The African Democratic Congress (ADC) has demanded a full audit of Nigeria’s refineries, citing recent reports that allege that successive governments have spent nearly $18 billion on the rehabilitation of the three major refineries in the country.
In a statement by the Interim National Publicity Secretary of African Democratic Congress (ADC), Mallam Bolaji Abdullahi, the party questioned whether the President Bola Tinubu administration has been deceiving Nigerians, having recently spent over $2.8 billion dollars on the refineries, before declaring that they were moribund.
“The African Democratic Congress (ADC) has noted with deep concern the recent confirmation by the Tinubu administration and the leadership of the Nigerian National Petroleum Company Limited (NNPCL) that the federal government is proceeding with the full privatisation of Nigeria’s state-owned refineries. This development, coming just months after government officials claimed that the Port Harcourt and Warri refineries had resumed partial operations, raises fundamental questions about transparency and policy coherence.
“It would be recalled that the APC government recently announced that the refineries were already working. It is therefore curious that the same government, having spent such humongous amounts on the refineries, is now planning to sell them off.
“ADC is concerned about the perennial waste and underhanded dealings in the name of turnaround maintenance that never turned anything around but the personal fortunes of those involved. We believe this must not continue. We are however suspicious of the current moves being made by the government to sell off the refineries outright without giving full consideration to alternative options and without consultations with critical stakeholders. Selling off the refineries under the prevailing circumstances is indeed conducive for all sorts of criminal dealings, whereby national assets could be deliberately devalued and sold to cronies.
“ADC therefore calls for a full and independent audit—financial, technical, and structural— before any sale is contemplated or privatisation is considered.
“Successive APC administrations have poured over $18 billion into the so-called rehabilitation of Nigeria’s refineries. The current administration is reported to have spent another $2.8 billion under the same pretext. Yet there is no verifiable increase in refining capacity, no observable cost efficiency, and no fuel security benefit accruing to the Nigerian people. Instead, the same refineries have remained idle or dysfunctional, while the government continues to fund the importation of refined petroleum products.

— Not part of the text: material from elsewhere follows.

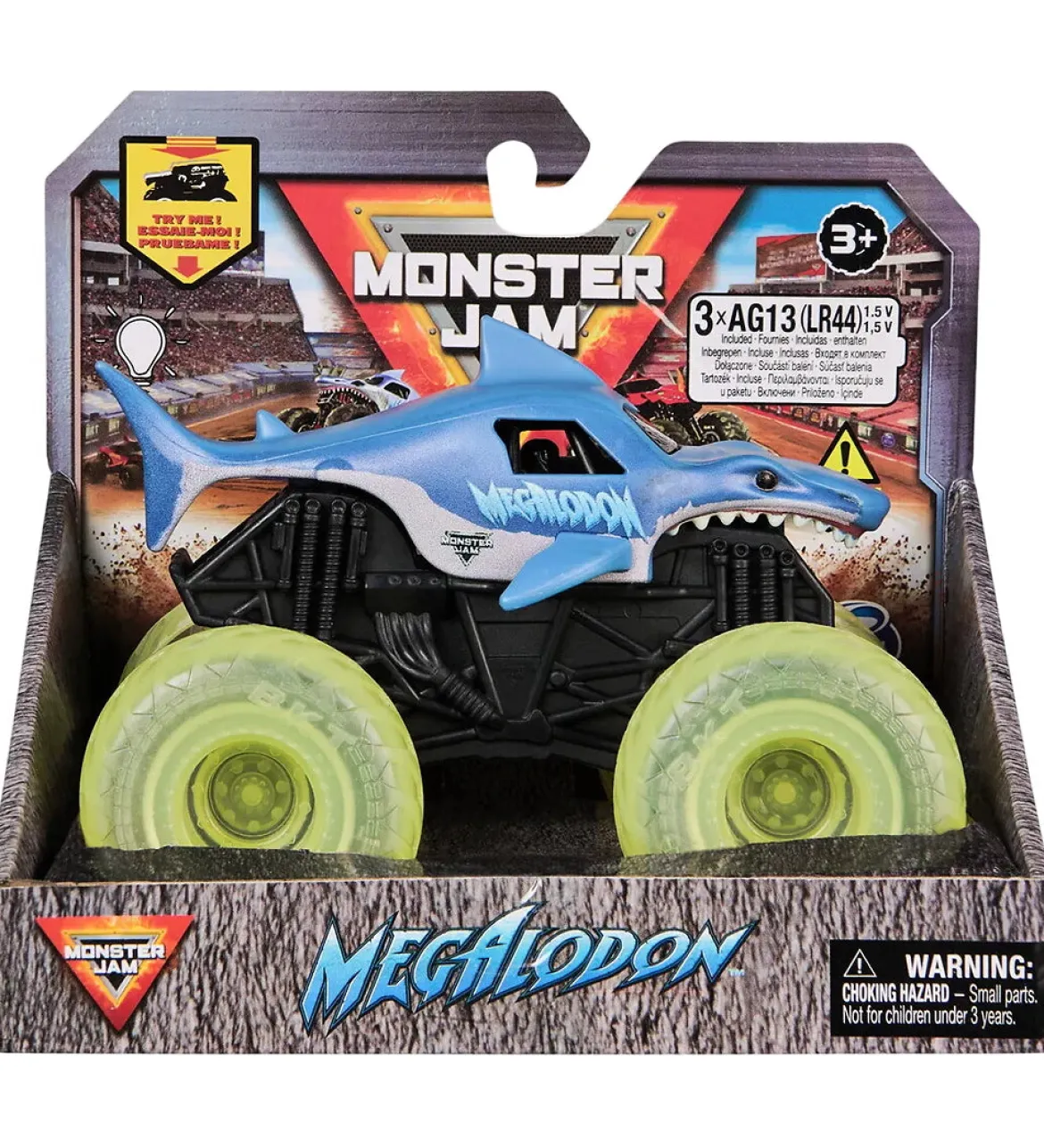 Monster Jam Light Up Wheels Megalodon Monsteriauto 1:43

“Even Africa’s foremost industrialist, Alhaji Aliko Dangote, whose private refinery now stands as the only viable refining asset in the country, has publicly stated his doubts that these government-owned refineries can ever work again. And he is right to doubt. The infrastructure is obsolete, the operations are hollowed out, and the entire value-chain has become a black hole for public funds. So again, we must ask: what exactly is being sold, and why now?,” the statement read.